=== EXERCISE OBJECTIVE ===
An exact copy of the data is required, with no pictures in it.

=== DATA SECTION ===
=== Section Start ===

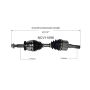 GSP NCV11096 00-02 Ford Ranger (3.0, 4.0 - 4WD) CV Axle Assembly  - Front Left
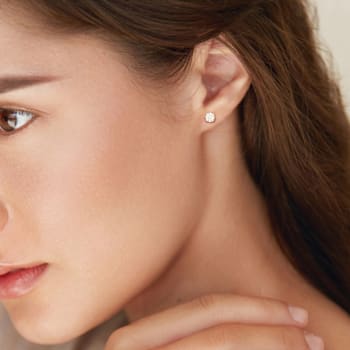 1 CT TW Lab-Grown Diamond Martini Style Stud Earrings in Platinum (IGI Certified)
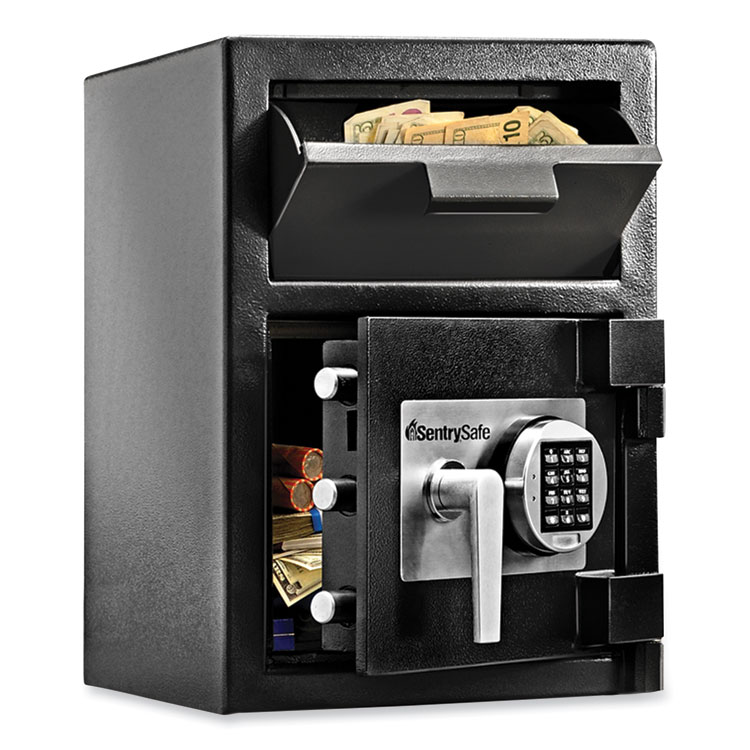 Sentry Safe Digital Depository Safe, Large, 0.94 cu ft, 14w x 15.6d x 20h, Black (SENDH074E)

=== Section End ===

=== SOLUTION TO THIS PROBLEM ===
 GSP NCV11096 00-02 Ford Ranger (3.0, 4.0 - 4WD) CV Axle Assembly  - Front Left
 1 CT TW Lab-Grown Diamond Martini Style Stud Earrings in Platinum (IGI Certified)
 Sentry Safe Digital Depository Safe, Large, 0.94 cu ft, 14w x 15.6d x 20h, Black (SENDH074E)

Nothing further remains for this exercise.